The name U-Do is a reference to the udders of a cow and the locals stand by the opinion that the island is shaped like an upside-down bovine (we didn’t see it). The uniqueness of the island isn’t in the name. U-Do has three beaches of varying colors – white, black, and red – as well as a series of lava tube caves (underwater in some cases) and some great scenery including sunrise peak across the channel and a traditional Korean village.

For a small fee, visitors can rent either a scooter or an ATV for a few hours to speed around (though not too fast) the island. Taking advantage of the fun, we picked out an ATV and hit the gas. Our first stop was the white sand beach made of fossilized coral as opposed to sand (difficult to walk on). Korean teens skipped the larger pieces across the water, a game to see who could get their coral to skip the most times and the farthest out into the sea.

U-Do's Black Sand Beach
U-Do’s Black Sand Beach

Next we headed up the mountain toward the lighthouse point and down around the other side where we relaxed near the lava caves on the black sand beach. We would’ve liked to have had warmer and sunnier weather to really take advantage of being on the beach, but both days were far too overcast and chilly to don our bathing suits. Alas, watching the boats across the water and the tourists discovering the black sand for the first time became entertainment enough.

Overall, the island is stunning even with the gray skies.

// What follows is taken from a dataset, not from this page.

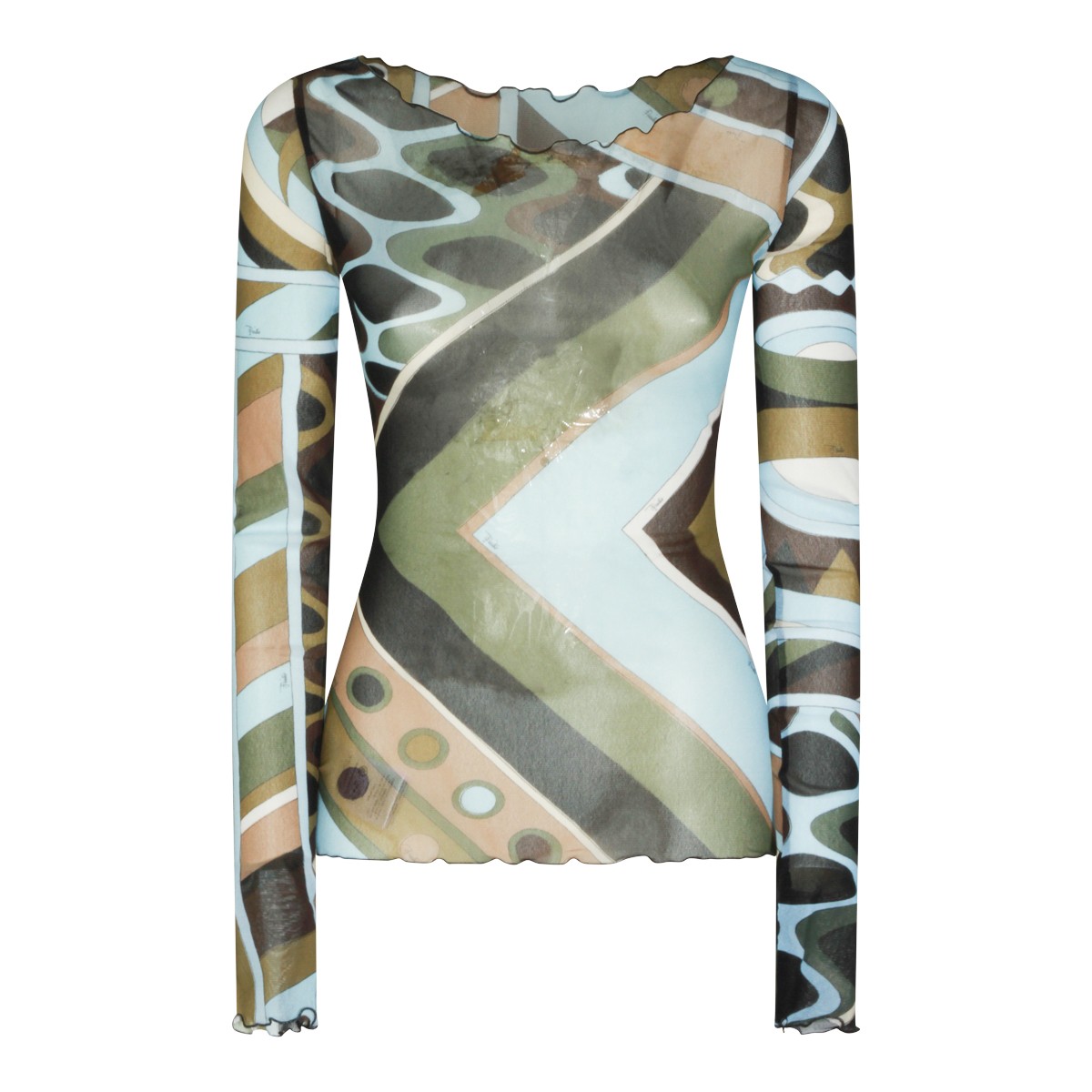 KHAKI BLUE PRINTED TOP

Many people seemed to have the opinion that the overcast weather meant for a cooler, and more enjoyable, experience viewing the scenery. We had an great time, but some sun would’ve added in my opinion. If you aren’t already in Korea, don’t go out of your way to get to Jeju though (most of the tourism comes from China). It’s a nice stop however, there are better places to see. If you’re short on time and money Jeju is, as my students say, just so-so.